◆ INSTRUCTIONS TO FOLLOW
Please copy, character for character, each line from the beginning of the listing to the line containing "Property for Rent", including both.

◆ DATA RECORDS

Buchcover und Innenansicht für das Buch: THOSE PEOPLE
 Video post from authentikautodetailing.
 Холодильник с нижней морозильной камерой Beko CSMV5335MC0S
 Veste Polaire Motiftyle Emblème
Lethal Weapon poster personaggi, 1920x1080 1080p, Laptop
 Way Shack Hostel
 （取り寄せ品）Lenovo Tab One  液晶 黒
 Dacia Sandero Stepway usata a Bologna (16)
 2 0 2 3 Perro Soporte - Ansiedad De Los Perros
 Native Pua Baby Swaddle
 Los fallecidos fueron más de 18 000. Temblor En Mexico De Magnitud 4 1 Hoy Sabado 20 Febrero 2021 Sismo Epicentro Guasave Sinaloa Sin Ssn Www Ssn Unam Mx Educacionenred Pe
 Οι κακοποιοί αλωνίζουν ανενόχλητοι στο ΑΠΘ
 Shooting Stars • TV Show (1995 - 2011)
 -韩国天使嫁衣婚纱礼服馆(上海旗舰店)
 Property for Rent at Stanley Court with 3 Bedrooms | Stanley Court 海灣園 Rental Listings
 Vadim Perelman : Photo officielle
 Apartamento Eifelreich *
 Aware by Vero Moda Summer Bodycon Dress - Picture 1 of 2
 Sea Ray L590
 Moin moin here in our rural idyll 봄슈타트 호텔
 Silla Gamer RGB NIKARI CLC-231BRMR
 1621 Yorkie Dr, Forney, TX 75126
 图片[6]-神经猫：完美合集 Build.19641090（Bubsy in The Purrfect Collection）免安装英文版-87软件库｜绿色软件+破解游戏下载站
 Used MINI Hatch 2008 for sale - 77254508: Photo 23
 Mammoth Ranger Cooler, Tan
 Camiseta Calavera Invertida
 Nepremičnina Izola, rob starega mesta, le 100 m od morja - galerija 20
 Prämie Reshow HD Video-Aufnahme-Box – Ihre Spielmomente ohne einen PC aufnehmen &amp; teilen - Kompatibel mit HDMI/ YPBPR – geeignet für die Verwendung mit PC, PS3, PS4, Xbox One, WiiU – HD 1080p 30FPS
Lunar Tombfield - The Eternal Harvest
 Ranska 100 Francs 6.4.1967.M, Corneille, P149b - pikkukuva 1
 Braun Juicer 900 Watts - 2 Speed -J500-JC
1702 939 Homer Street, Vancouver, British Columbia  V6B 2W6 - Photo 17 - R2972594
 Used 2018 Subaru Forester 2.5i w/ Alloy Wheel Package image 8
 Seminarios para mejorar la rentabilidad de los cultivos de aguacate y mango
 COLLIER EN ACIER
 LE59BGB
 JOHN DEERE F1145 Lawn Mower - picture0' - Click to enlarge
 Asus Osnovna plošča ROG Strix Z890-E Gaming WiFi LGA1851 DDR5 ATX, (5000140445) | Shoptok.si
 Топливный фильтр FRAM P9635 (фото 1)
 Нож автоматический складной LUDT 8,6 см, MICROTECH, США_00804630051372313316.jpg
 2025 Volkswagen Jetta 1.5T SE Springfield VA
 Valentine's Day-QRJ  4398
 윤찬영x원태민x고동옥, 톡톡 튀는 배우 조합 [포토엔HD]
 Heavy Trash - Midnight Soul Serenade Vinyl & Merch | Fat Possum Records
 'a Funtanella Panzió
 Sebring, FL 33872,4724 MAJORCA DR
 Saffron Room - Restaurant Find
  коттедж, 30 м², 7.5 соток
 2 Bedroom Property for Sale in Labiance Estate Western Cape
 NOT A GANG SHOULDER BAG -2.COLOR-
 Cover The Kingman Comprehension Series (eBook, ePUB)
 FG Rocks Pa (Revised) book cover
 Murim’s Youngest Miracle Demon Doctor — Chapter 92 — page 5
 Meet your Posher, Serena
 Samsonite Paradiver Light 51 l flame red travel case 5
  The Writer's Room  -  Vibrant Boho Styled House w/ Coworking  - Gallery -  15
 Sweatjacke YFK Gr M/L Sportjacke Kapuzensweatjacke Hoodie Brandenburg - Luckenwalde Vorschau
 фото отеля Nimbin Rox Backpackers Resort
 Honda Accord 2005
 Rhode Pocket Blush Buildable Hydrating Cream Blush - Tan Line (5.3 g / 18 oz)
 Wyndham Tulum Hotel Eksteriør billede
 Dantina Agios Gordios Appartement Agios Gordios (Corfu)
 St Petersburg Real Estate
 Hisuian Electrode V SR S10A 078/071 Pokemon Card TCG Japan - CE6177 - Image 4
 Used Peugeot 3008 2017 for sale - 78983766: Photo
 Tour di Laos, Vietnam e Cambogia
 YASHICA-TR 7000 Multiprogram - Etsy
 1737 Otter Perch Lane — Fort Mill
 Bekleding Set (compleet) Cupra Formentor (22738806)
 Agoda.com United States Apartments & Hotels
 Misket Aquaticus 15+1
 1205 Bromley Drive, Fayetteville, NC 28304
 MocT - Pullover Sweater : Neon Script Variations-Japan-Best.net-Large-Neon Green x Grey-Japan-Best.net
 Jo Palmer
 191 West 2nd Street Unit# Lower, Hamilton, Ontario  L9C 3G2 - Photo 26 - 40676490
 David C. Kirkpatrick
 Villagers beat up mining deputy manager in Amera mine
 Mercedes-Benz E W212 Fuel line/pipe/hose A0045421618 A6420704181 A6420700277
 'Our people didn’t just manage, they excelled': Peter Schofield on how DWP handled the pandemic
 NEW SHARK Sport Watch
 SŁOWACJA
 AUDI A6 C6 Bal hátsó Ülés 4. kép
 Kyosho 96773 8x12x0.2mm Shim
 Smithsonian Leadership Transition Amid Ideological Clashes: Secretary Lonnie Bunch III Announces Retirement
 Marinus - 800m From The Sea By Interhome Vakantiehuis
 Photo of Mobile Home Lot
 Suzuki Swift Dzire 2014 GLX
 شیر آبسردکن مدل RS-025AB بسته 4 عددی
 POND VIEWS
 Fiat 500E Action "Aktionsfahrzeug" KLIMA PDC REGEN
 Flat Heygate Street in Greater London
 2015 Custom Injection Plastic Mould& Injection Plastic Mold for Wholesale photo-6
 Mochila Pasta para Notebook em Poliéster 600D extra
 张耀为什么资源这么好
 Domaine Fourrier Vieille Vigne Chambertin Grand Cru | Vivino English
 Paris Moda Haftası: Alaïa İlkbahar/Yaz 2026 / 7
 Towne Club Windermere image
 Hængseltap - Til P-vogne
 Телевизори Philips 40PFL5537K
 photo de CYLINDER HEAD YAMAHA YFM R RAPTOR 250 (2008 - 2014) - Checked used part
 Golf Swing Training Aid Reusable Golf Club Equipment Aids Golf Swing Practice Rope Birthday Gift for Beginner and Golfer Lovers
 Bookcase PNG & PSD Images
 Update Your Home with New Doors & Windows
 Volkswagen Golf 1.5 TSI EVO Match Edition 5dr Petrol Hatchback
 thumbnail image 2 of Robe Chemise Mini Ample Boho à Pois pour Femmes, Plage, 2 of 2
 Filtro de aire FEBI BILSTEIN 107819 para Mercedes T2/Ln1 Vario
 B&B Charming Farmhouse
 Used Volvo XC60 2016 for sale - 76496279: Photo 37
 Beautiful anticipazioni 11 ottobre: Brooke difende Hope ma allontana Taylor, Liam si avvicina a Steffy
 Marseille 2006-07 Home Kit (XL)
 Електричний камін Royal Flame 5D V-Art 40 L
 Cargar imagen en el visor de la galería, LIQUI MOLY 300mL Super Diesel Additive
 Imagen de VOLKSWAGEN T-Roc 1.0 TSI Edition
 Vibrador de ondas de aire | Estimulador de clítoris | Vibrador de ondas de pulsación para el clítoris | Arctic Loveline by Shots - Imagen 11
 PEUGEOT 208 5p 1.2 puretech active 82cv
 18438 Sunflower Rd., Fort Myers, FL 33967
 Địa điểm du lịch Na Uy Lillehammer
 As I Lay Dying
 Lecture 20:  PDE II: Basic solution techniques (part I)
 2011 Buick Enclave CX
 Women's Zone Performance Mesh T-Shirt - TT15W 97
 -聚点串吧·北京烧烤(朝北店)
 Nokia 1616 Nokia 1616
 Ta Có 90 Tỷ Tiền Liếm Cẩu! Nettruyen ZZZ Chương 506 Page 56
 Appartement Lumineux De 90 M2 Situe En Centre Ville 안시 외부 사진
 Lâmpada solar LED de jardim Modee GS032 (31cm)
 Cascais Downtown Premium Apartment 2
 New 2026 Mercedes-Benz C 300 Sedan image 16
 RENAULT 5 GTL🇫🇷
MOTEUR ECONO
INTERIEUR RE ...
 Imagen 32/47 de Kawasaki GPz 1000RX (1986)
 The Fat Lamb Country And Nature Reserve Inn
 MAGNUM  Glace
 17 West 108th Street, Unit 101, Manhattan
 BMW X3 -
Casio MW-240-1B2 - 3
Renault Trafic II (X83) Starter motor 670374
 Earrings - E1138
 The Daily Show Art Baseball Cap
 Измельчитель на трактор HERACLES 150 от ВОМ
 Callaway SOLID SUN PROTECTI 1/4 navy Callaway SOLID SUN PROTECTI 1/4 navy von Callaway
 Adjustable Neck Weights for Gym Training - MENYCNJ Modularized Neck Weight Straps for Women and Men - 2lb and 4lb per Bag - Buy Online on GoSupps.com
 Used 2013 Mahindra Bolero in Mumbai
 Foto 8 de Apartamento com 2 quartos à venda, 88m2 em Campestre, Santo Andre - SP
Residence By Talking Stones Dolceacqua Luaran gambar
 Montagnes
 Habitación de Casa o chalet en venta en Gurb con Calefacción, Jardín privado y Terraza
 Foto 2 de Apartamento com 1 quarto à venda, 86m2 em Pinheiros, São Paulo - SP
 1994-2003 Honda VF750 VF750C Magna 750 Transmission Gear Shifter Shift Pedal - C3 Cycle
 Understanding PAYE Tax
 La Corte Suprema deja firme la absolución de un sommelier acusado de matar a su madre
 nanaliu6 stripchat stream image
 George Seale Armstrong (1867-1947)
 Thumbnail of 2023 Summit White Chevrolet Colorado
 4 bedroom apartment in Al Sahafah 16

◆ YOUR RESPONSE
Buchcover und Innenansicht für das Buch: THOSE PEOPLE
 Video post from authentikautodetailing.
 Холодильник с нижней морозильной камерой Beko CSMV5335MC0S
 Veste Polaire Motiftyle Emblème
Lethal Weapon poster personaggi, 1920x1080 1080p, Laptop
 Way Shack Hostel
 （取り寄せ品）Lenovo Tab One  液晶 黒
 Dacia Sandero Stepway usata a Bologna (16)
 2 0 2 3 Perro Soporte - Ansiedad De Los Perros
 Native Pua Baby Swaddle
 Los fallecidos fueron más de 18 000. Temblor En Mexico De Magnitud 4 1 Hoy Sabado 20 Febrero 2021 Sismo Epicentro Guasave Sinaloa Sin Ssn Www Ssn Unam Mx Educacionenred Pe
 Οι κακοποιοί αλωνίζουν ανενόχλητοι στο ΑΠΘ
 Shooting Stars • TV Show (1995 - 2011)
 -韩国天使嫁衣婚纱礼服馆(上海旗舰店)
 Property for Rent at Stanley Court with 3 Bedrooms | Stanley Court 海灣園 Rental Listings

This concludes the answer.